▶ _EXERCISE PROMPT_
In the data below, repeat the line containing "2018 VOLKSWAGEN PASSAT 2.0T S" and every following line exactly, up to and including the last line. Exclude pictures.

== RECORDS FOR THE TASK ==

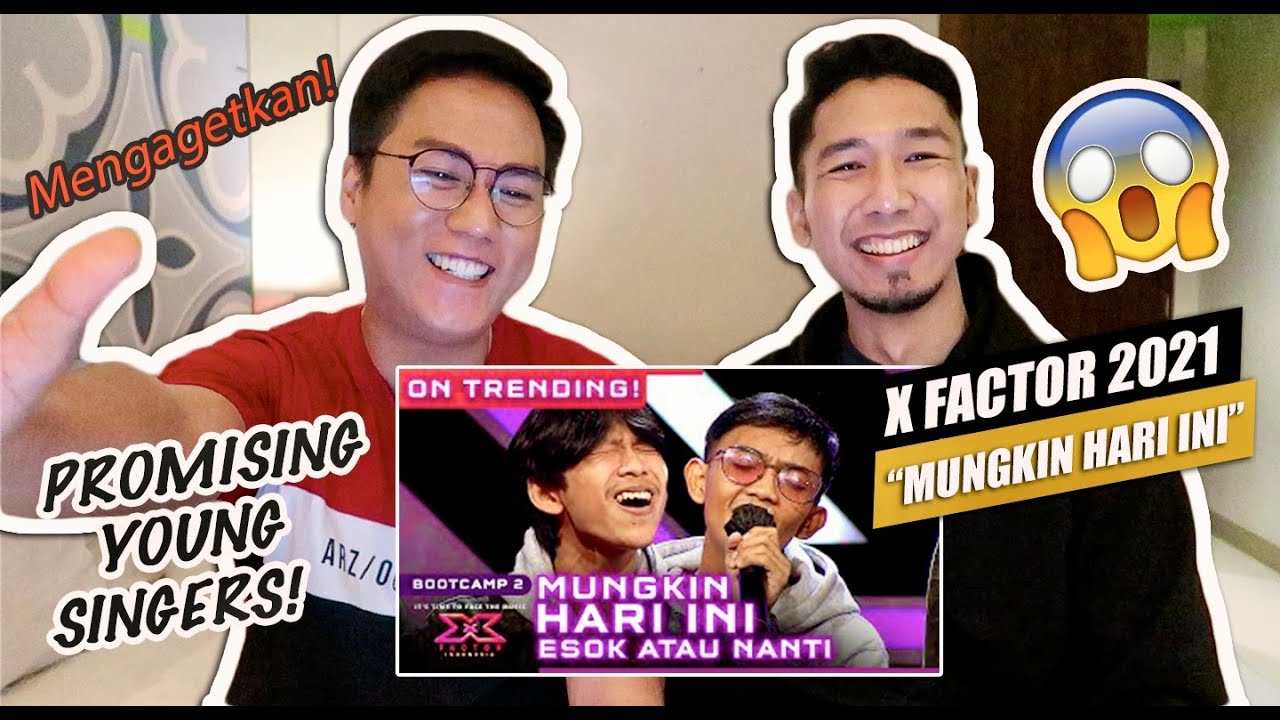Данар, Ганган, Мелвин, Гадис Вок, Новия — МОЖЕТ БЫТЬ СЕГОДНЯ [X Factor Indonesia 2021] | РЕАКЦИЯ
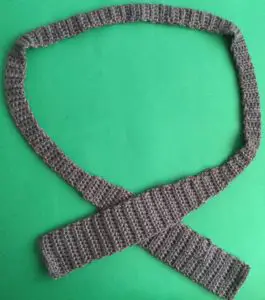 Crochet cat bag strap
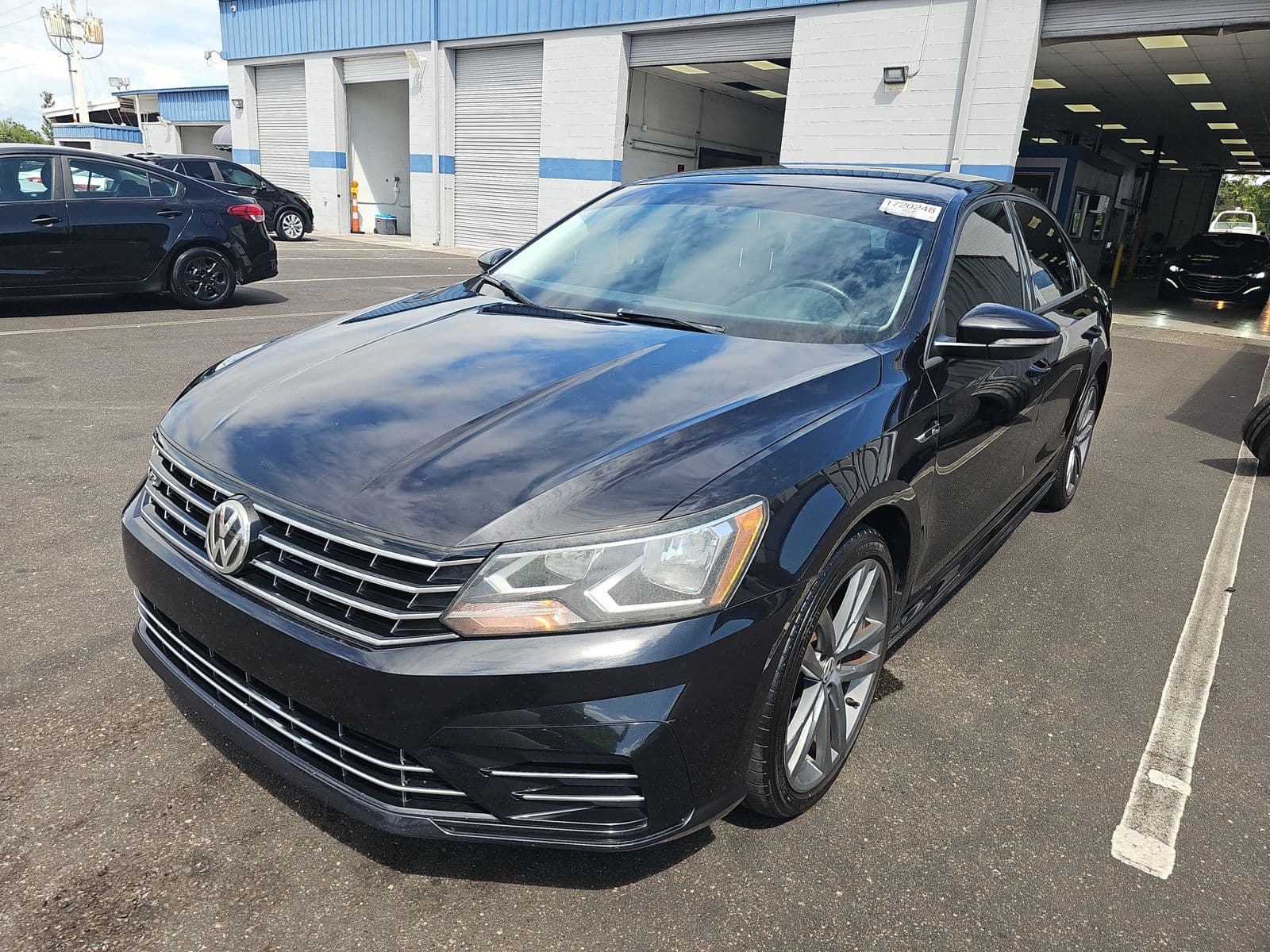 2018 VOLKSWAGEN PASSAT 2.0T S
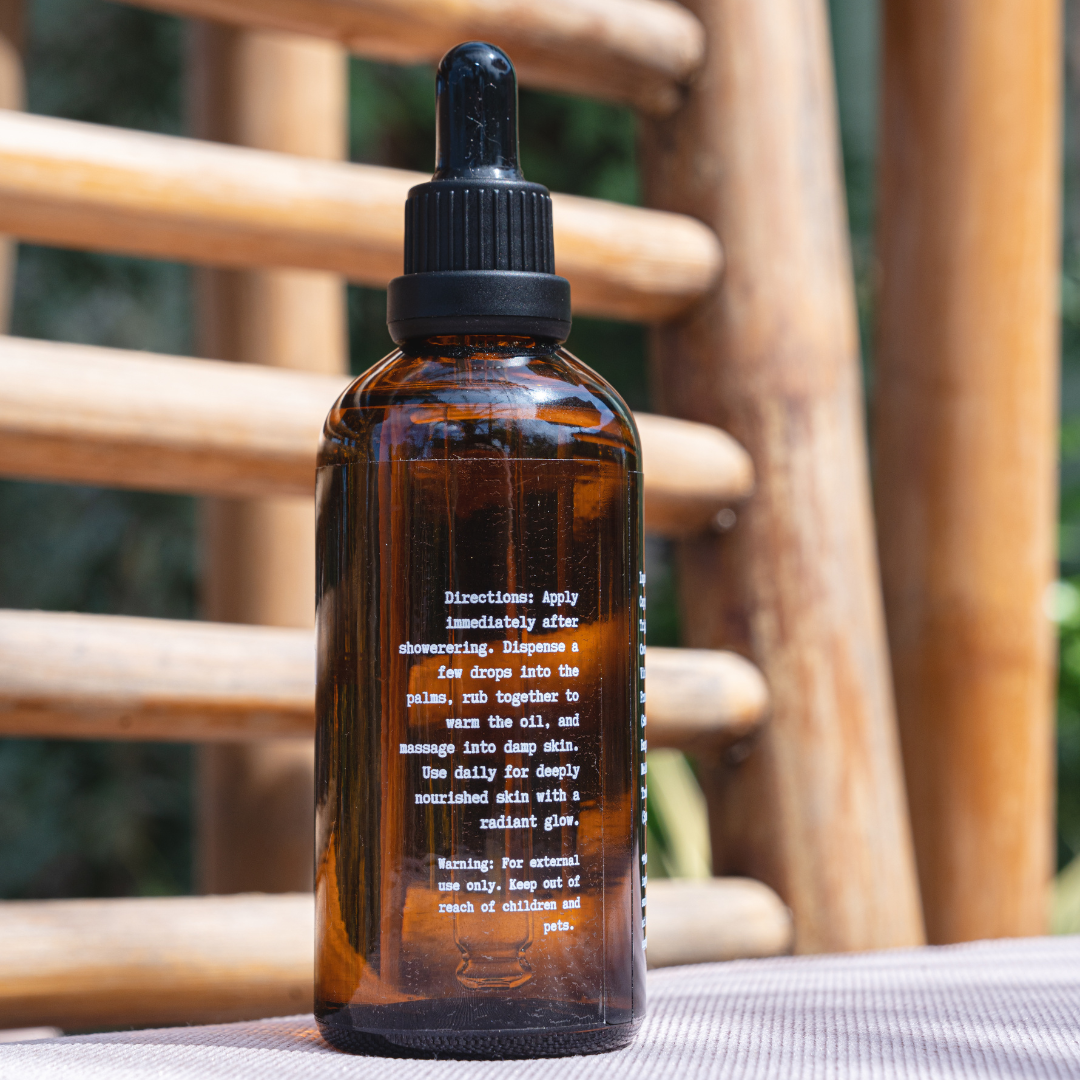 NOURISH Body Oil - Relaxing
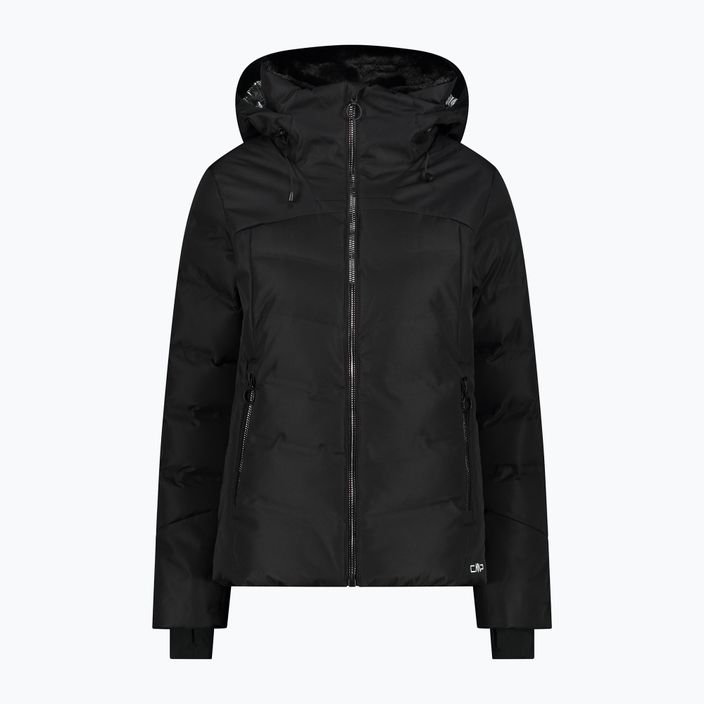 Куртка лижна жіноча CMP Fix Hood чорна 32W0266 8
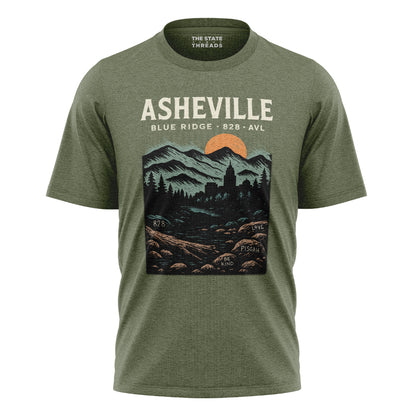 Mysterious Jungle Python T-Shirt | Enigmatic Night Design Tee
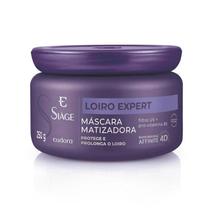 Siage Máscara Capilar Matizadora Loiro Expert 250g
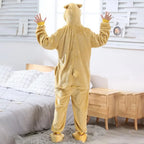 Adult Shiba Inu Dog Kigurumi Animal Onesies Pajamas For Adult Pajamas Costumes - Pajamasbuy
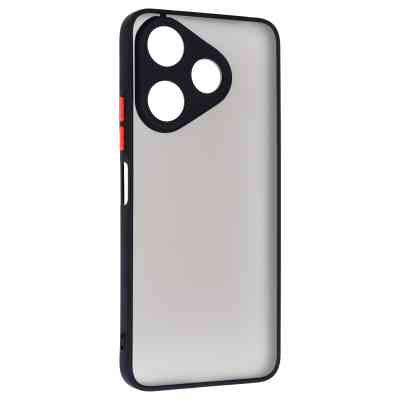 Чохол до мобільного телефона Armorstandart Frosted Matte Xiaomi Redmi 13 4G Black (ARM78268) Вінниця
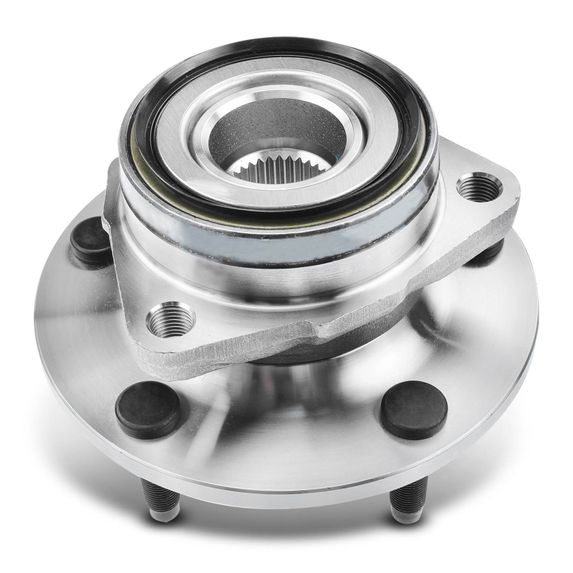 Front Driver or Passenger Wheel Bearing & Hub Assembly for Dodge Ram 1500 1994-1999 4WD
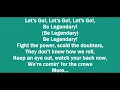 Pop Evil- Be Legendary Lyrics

===

▶ _WRITTEN RESPONSE_
 2018 VOLKSWAGEN PASSAT 2.0T S
 NOURISH Body Oil - Relaxing
 Куртка лижна жіноча CMP Fix Hood чорна 32W0266 8
 Mysterious Jungle Python T-Shirt | Enigmatic Night Design Tee
 Siage Máscara Capilar Matizadora Loiro Expert 250g
 Adult Shiba Inu Dog Kigurumi Animal Onesies Pajamas For Adult Pajamas Costumes - Pajamasbuy
 Чохол до мобільного телефона Armorstandart Frosted Matte Xiaomi Redmi 13 4G Black (ARM78268) Вінниця
 Front Driver or Passenger Wheel Bearing & Hub Assembly for Dodge Ram 1500 1994-1999 4WD
 Pop Evil- Be Legendary Lyrics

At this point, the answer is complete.